The threatening prongs of climate change creep inward from the coasts. The Tower of London and the Palace of Westminster could both be damaged by more frequent and intense flooding of the Thames River caused by rising sea levels and changing storm patterns, according to a 2007 report by UNESCO's World Heritage Center. The millennium-old buildings survived the bloody English Civil War and the Nazi blitz and now host millions of visitors every year. But the risk of a catastrophic flood is estimated to rise fivefold by 2050, says May Cassar of the Centre for Sustainable Heritage at University College London. "These monuments were inscribed on the World Heritage List for their universal value," she says. Any damage would be "a cultural loss not just to the British but to all of us." Across northern Europe, moreover, rising humidity levels could speed the spread of microbes whose acidic excretions eat away at stone cathedrals and marble monuments, according to a recent European Union-funded environmental study. And at the summit of Kilimanjaro, halfway between sea level and space—and almost halfway between the poles—climate scientists themselves may lose big to climate change: Doug Hardy of the University of Massachusetts is one researcher who has been racing to glean ancient meteorological data from ice cores before they melt away. "We don't have many historical measurements from that part of the planet," he says. "That record of environmental change will be entirely gone in a few decades."
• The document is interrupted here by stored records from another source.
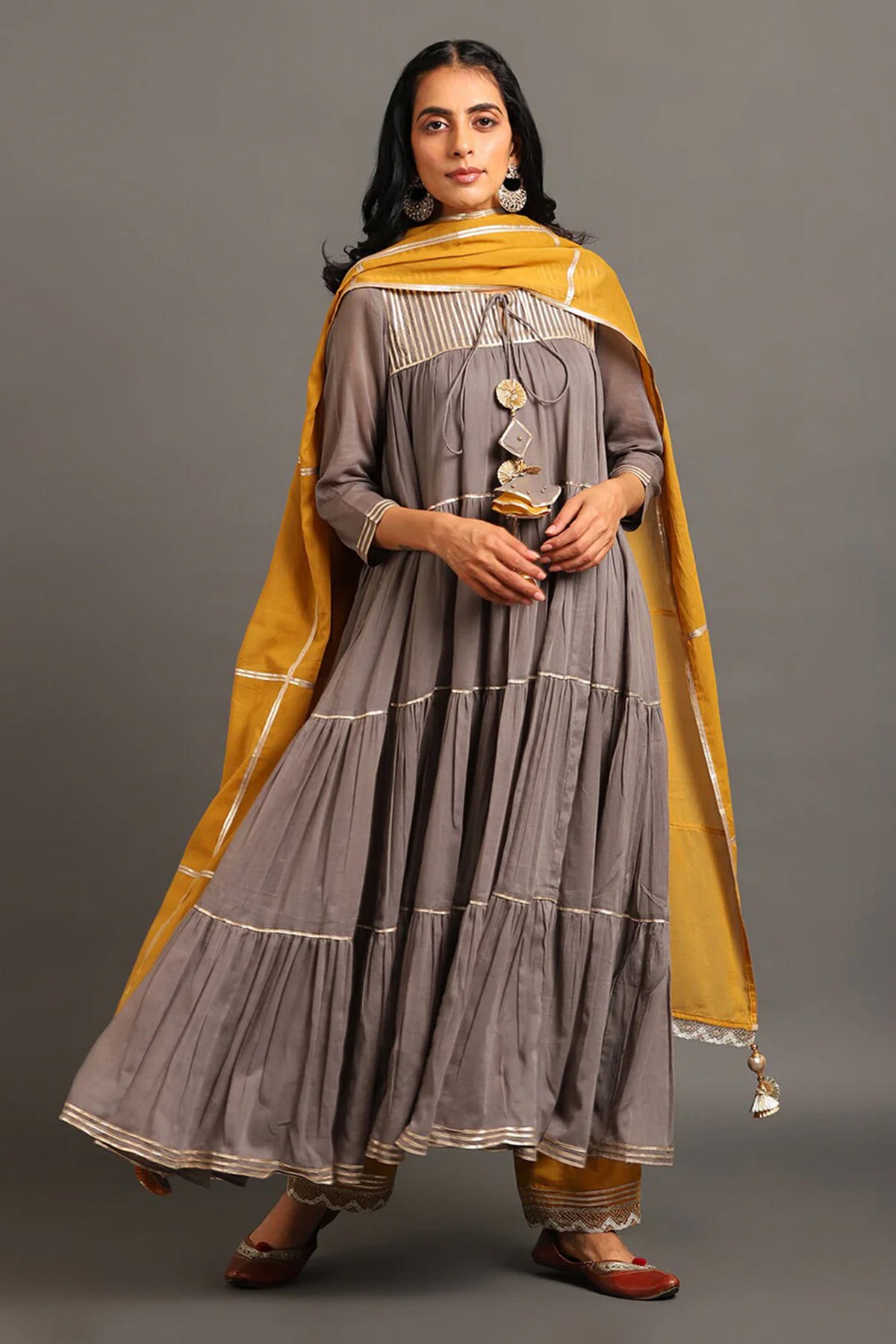 Grey Shama Kurta Pants Set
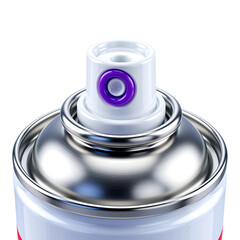 White spray can with purple nozzle on transparent background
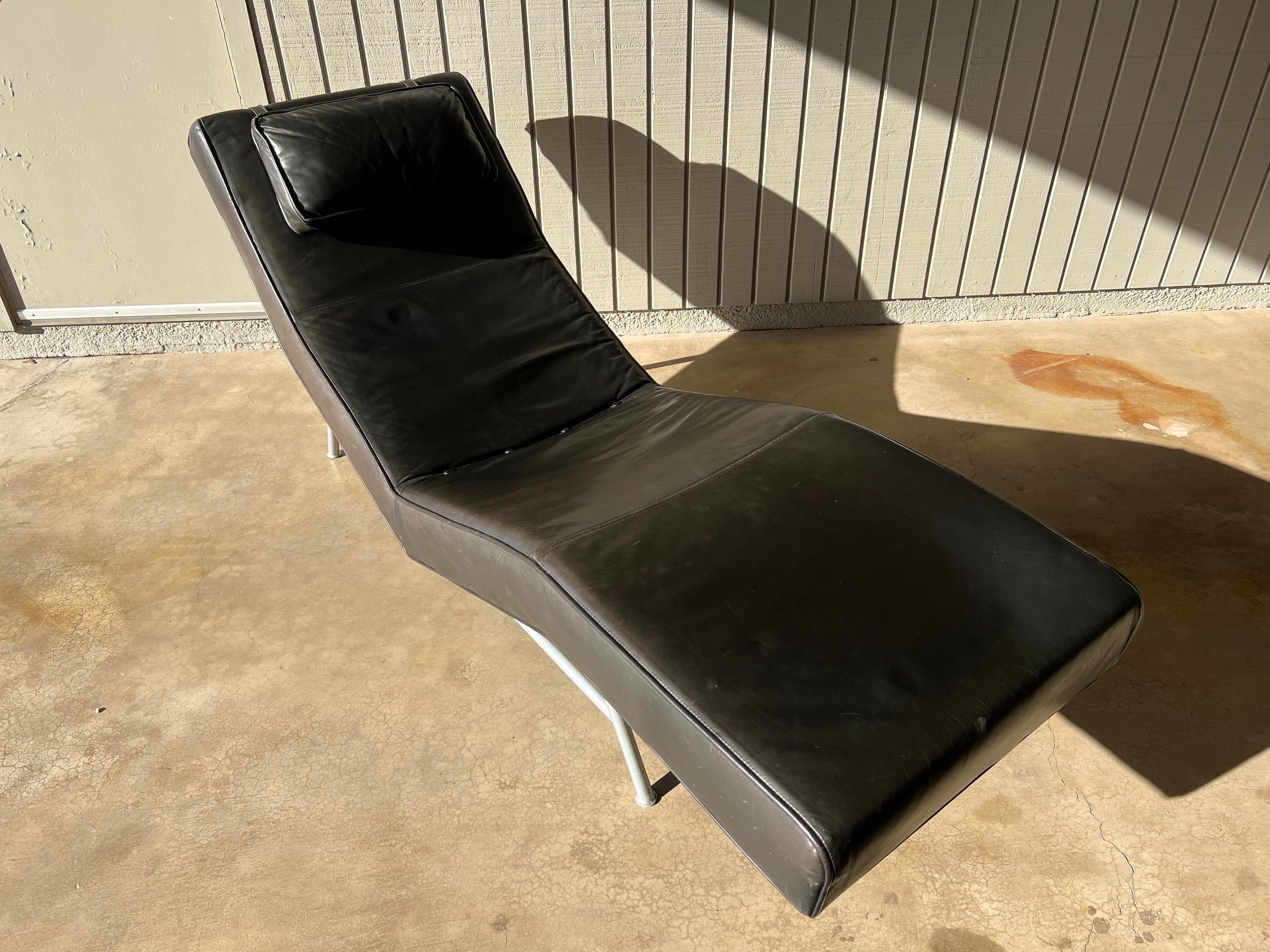 Milo Baughman Black Leather Fred Chaise Lounge Chair for Thayer Coggin For Sale 4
Some menaces are of a more local nature—and can be tackled accordingly. When the Taj Mahal started turning from white to yellow over a decade ago, most likely from airborne pollutants that were staining the grand mausoleum's pearly skin, India's Supreme Court stepped in. Thousands of nearby factories, kilns, and iron foundries have since been moved or closed, and now over 8,000 tourists a day take electric buses and horse-drawn carriages to visit the monument. Yet across Asia and elsewhere, population growth and intensifying urbanization are bound to threaten other such cultural sites, while new roads slice across the paths of migrating species, and slash-and-burn farmers nibble at the edges of nature reserves and virgin forests. And while tourism can be a destination's—even an entire country's—greatest revenue source, it often leaves its own heavy footprints. Hotels, restaurants, airports, and other facilities and services aimed at visitors bring development to the doorstep of some of the world's most delicate places.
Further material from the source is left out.